Why is this relevant?
This tool measures structural dependency, it is not our point to make ethical judgments. A high score doesn't mean your choices are wrong, but it can mean that your tech operations are concentrated in companies that hold too much power, potentially generating higher costs, high dependency and low migration capabilities. The scoring is deliberately simple and the results are showed transparently, and it does not attempt to weight categories differently or account for how critical each category is to your specific operations. We encourage you to use the detailed breakdown alongside the headline number.

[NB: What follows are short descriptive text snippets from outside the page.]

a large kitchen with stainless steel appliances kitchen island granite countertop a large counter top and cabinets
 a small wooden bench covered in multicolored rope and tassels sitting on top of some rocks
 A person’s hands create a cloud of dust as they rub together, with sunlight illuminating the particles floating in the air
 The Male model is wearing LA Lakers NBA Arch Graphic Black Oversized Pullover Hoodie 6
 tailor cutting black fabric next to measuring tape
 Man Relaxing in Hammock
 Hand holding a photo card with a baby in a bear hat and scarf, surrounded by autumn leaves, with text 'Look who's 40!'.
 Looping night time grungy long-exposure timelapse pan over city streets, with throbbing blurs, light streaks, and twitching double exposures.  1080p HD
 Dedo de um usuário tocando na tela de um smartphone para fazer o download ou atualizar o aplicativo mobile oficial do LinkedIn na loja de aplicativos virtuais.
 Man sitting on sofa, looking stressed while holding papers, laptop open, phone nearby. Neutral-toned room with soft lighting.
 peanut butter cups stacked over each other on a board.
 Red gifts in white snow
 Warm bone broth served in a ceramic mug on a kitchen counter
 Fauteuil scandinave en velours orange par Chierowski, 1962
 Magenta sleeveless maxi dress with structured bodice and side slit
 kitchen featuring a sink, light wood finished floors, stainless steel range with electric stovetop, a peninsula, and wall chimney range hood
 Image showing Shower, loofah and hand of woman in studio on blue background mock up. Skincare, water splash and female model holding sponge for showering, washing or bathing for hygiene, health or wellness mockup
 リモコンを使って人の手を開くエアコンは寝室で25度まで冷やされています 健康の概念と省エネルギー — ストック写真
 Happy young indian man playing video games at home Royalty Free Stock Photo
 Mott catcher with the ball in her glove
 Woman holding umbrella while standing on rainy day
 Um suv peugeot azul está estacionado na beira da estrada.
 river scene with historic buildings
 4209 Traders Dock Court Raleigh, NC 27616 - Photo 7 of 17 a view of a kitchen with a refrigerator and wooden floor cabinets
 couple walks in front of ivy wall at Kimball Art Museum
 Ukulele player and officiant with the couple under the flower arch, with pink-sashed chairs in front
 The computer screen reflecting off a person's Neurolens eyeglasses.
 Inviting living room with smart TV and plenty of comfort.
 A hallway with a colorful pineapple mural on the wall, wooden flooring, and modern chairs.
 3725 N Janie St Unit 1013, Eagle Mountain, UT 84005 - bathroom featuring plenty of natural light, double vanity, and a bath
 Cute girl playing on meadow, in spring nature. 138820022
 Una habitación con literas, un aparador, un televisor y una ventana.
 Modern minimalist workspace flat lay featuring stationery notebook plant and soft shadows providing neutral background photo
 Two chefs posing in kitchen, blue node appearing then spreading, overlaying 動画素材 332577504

We encourage you to give us feedback so we can keep improving the tool.
1. What the Dependency Index measures
The Dependency Index is a 0–100 scale that measures how concentrated your tech stack is among dominant technology companies. A score of 0 (theoretical minimum) means complete independence (every tool you use is open-source or from a small independent provider), and 100 means total dependency (every tool is from a top-tier Big Tech company).
The index is calculated per category and then averaged — so it measures the intensity of your dependency, not simply how many tools you use. For instance, someone who uses 30 services, all from independent providers, will score lower than someone who uses 10 services, all from Google and Microsoft.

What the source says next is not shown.